Also, still waiting for bun to work on freebsd. Patiently! But it's on my xmas wishlist :)

schneehertz

Basically, this is an Electron that replaces Node.js with Bun and Chromium with WebView?

rounce

It seems it bundles Chromium

kevlened

It doesn't yet.

"Use the built-in system Webview (or bundle a 3rd party webview like Chromium: coming soon...)"

https://electrobun.dev/docs/guides/Getting%20Started/What%20...

rounce

Thanks, I stand corrected.

yard2010

Yoav, you are a genius. Keep up the good work.

ivanjermakov

What rendering engine does it use? Project name suggests Electron, but they never mention it

> The current Electrobun Playground app is 50.4MB in size (most of this is the bun runtime)

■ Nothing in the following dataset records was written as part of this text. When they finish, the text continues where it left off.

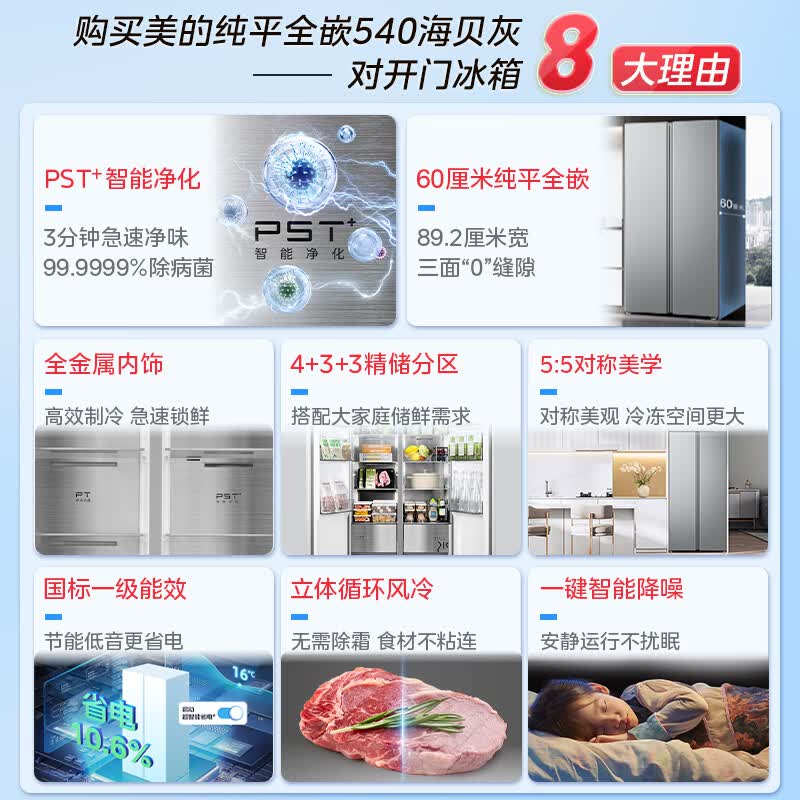 美的BCD-540WUKPZM(E)冰箱图片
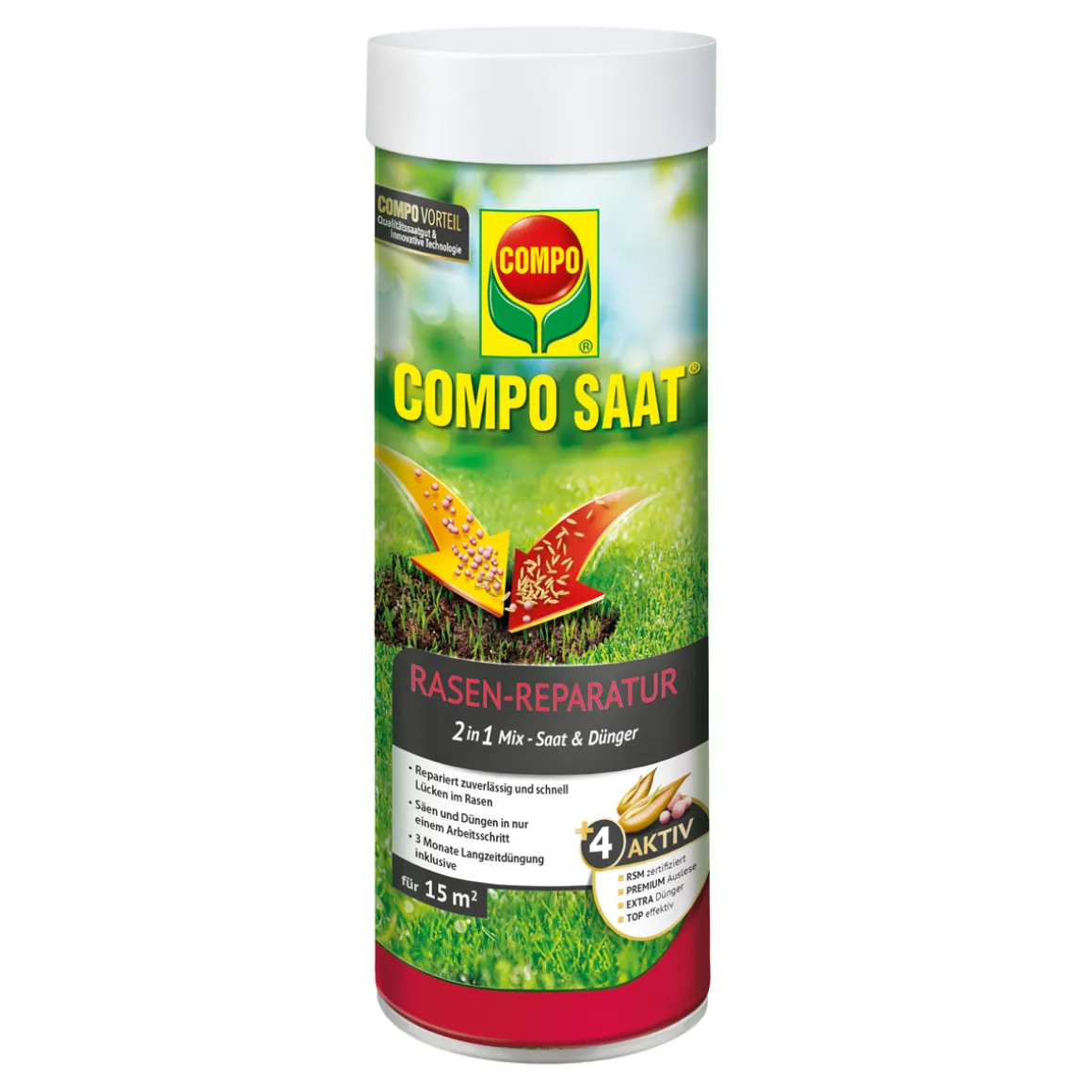 Compo Rasen-Reparatur Mix Samen und Dünger 0,36 kg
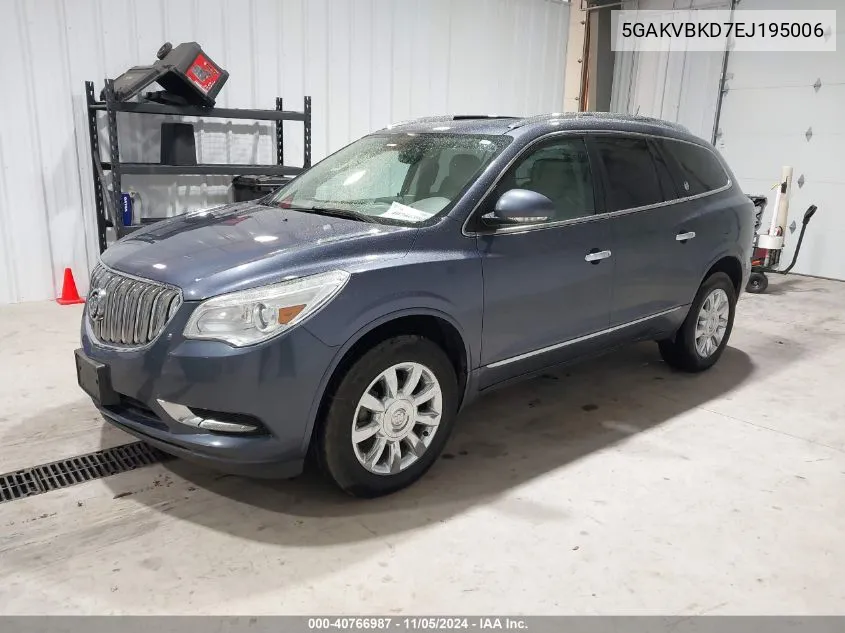 2014 Buick Enclave Leather VIN: 5GAKVBKD7EJ195006 Lot: 40766987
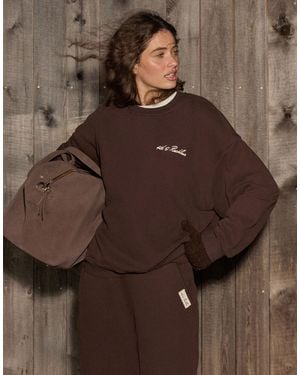 4th & Reckless – sweatshirt - Braun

Seems to be more than just bun runtime.

klabb3

Electron is not a rendering engine. It’s an application bundler, which itself bundles Chromium and NodeJS.

This project uses native web views, like Tauri. They wrote that they might provide the option of bundling your own engine, ie like Electron, which I personally think it’s a bad idea. Tauri proved that you don’t need it.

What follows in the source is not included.